Mavor writes that he and Dix were particularly interested in “Indian stone gods” that Stiles found, collected, wrote about and illustrated that they felt might have been “the New England equivalent of Hopi spirit stones (found) at places we considered sacred to Indians.”

In the spring of 2009, I found myself working down in Woodbridge CT near a few of the places where Stiles found and wrote about the stone structures – and one of the “Indian god stones” as well.” By coincidence I found that most of these places are now Town Properties, open space land preserves complete with trail maps. The other great coincidence was that my friend Peter used to live on the edge of one of those preserves.

I was easily able to find an on-line edition of Stiles “A history of three of the judges of King Charles I” that chronicles Stiles efforts to find the hiding places of the Regicide Judges in 1661.

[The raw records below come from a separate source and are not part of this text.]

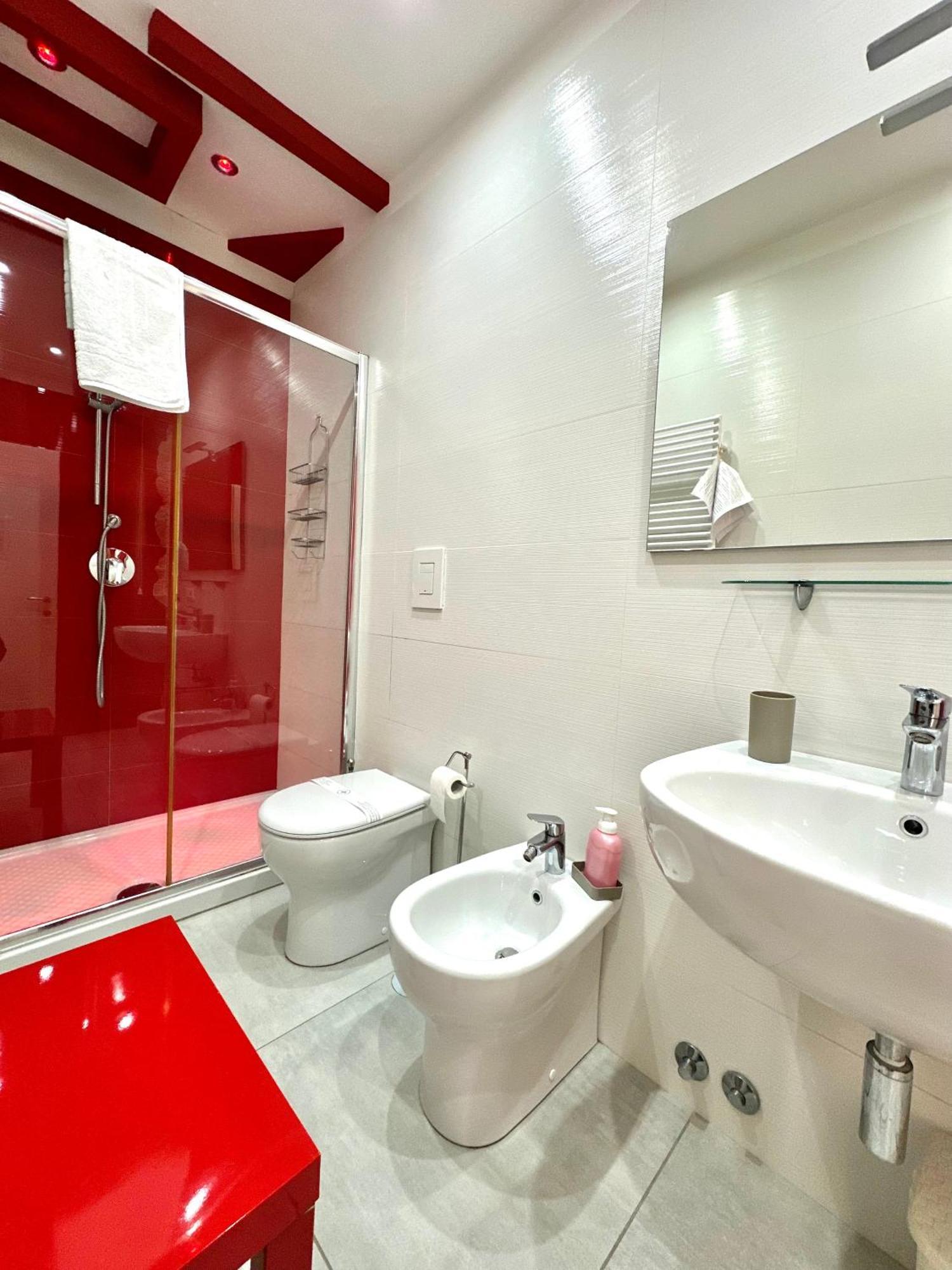 Tuttoincentro Bed & Breakfast Salerno Exterior foto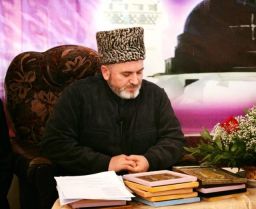 Поздравления имама г. Дербента Шейха Исамудина Эфенди с праздником Ураза-байрам 2019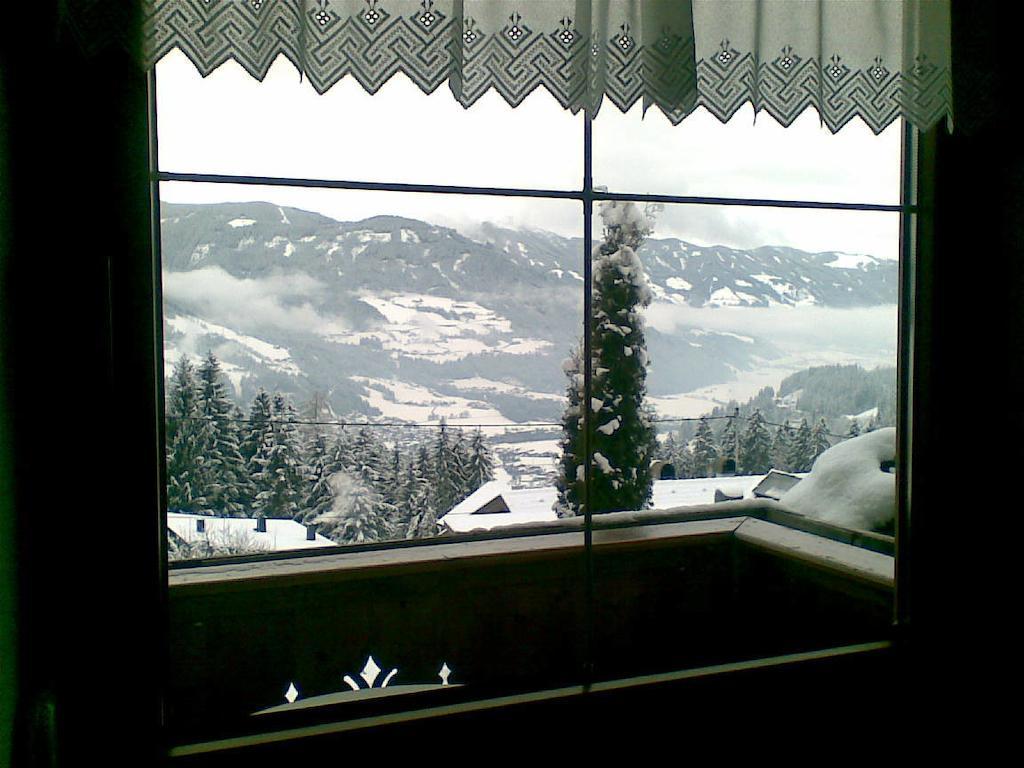 Apartment Schneeberger Stummerberg Rum bild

Stiles writes: “Let us now trace out these exiled pilgrims in their several retreats, migrations, and secret residences.— To begin at New-Haven where they…retired from town, to the west side of a rock or mountain, about 300 feet perpendicular, commonly called the West-Rock.”



This is a rather famous spot, subject of paintings (Including this one on a cigar box), and presently a CT State Park (See: http://en.wikipedia.org/wiki/West_Rock_Ridge) and I did drive up there one day to look at the Judges Cave, a rather disappointing site that people seem to have confused with a trash receptacle. It’s also hard to get to from the center of town, up a sheer rock wall where people often get trapped on, illegally hiking or rock climbing. I had to drive around the east side of the ridge to get there.

I was more often than not parking at my job location on the old Litchfield Turnpike, just south of the Darling House and the Bishop’s Trails Preserve, at the “southern extremity of West-Rock…about two and a half miles N. W….parrallel with the West-Rock…an interjacent bottom, or plain, three miles long, containing a thousand or twelve hundred acres of excellent land, which Mr. Goodyear, a rich settler, had bought of the town, and on which he had planted his farmer, Richard Sperry, which farm Richard Sperry afterwards became possesed of, and now for above a century it has gone by the name of Sperry's Farm,” or so president Stiles believed.

(Stiles later writes that Sperry’s Farm became the property of Thomas Darling, Esq. whom Stiles describes as a “gentleman…a man of literature and solid judgment.”)

“On this tract Mr. Goodyear had built Sperry an house,” Stiles tells us, one of “the only two houses in 1661 west ward from New-Haven, between this West Rock and Hudsons River, unless we except a few houses at Derby or Paugasset. All was an immense wilderness. Indeed all the environs of New-Haven was wilderness, except the cleared tract about half a mile or a mile around the town, which was laid out and built with 100 or 120 houses on a square half mile, divided into nine squares...”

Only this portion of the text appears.